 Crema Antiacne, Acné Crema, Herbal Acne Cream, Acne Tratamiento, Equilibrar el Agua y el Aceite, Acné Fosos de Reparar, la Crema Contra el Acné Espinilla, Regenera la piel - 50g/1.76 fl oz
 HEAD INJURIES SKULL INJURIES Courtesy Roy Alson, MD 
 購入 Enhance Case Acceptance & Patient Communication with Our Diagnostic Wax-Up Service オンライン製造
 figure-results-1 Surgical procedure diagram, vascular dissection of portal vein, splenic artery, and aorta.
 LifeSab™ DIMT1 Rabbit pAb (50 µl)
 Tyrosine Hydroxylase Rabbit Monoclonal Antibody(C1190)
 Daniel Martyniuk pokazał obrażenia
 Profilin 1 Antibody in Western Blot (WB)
...
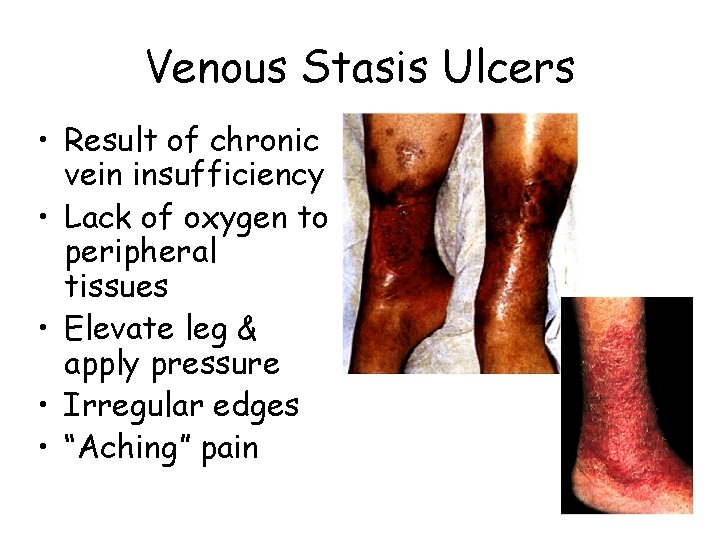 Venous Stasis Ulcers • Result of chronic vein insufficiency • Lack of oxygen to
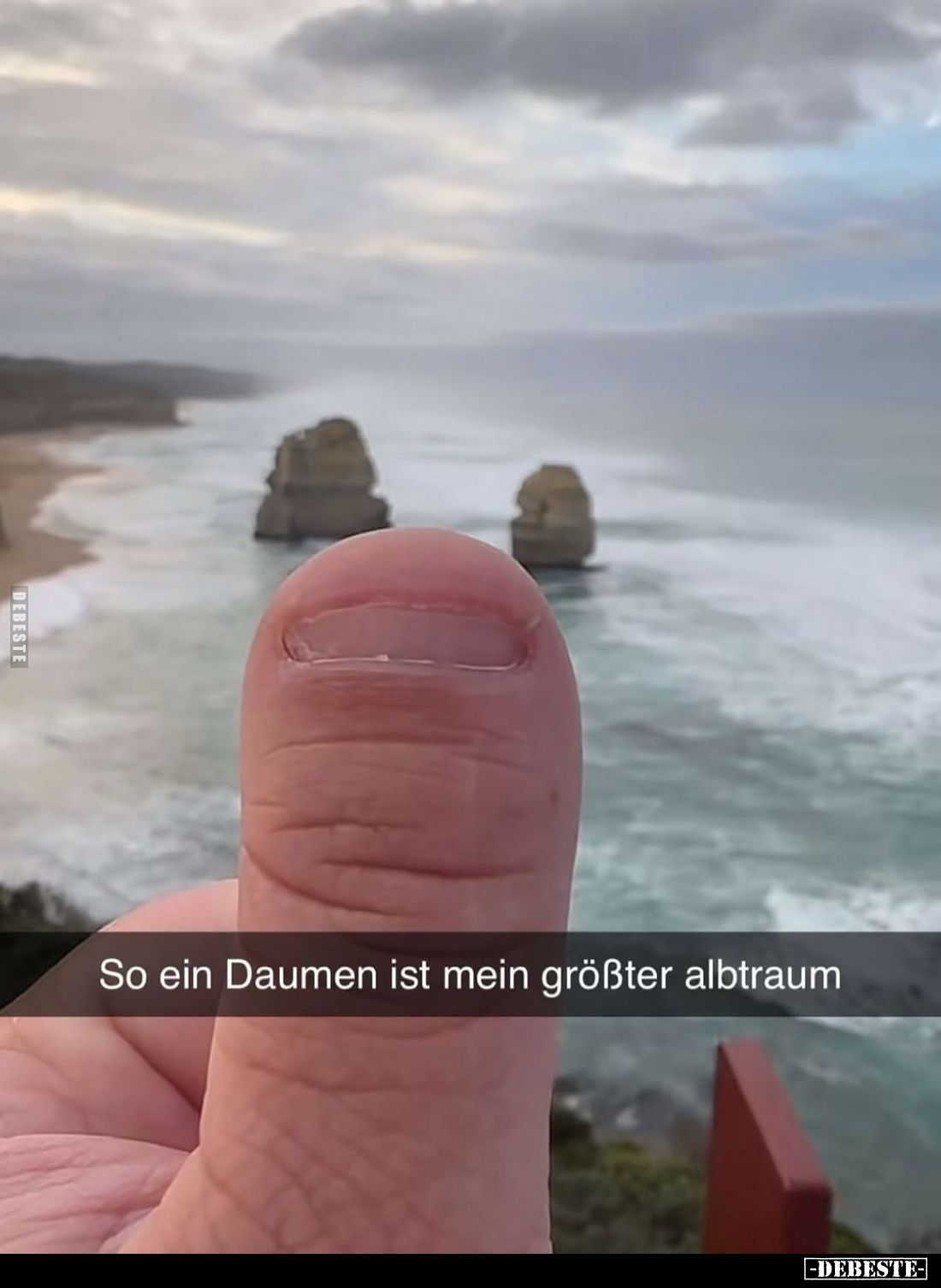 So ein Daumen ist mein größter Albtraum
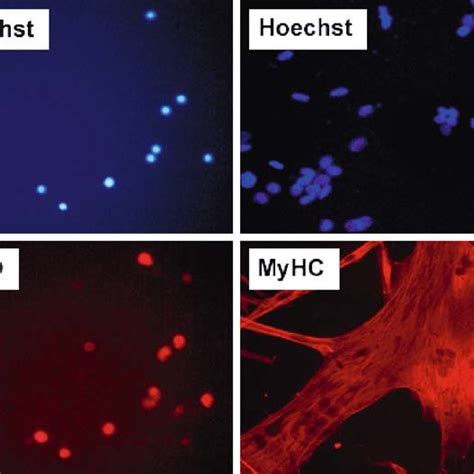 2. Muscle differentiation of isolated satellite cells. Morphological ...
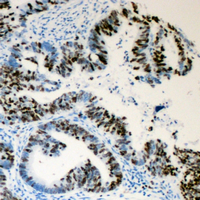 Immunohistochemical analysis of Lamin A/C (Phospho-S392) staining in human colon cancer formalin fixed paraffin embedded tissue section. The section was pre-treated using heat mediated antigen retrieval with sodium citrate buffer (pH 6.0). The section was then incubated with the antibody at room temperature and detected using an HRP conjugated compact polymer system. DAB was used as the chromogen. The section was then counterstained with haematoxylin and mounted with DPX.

TASK STATEMENT: Only the lines above from the line with "figure-results-1 Surgical procedure" to the line with "Daniel Martyniuk pokazał obrażenia", those two lines included, should be reproduced exactly.

ANSWER TO THE PROBLEM:
 figure-results-1 Surgical procedure diagram, vascular dissection of portal vein, splenic artery, and aorta.
 LifeSab™ DIMT1 Rabbit pAb (50 µl)
 Tyrosine Hydroxylase Rabbit Monoclonal Antibody(C1190)
 Daniel Martyniuk pokazał obrażenia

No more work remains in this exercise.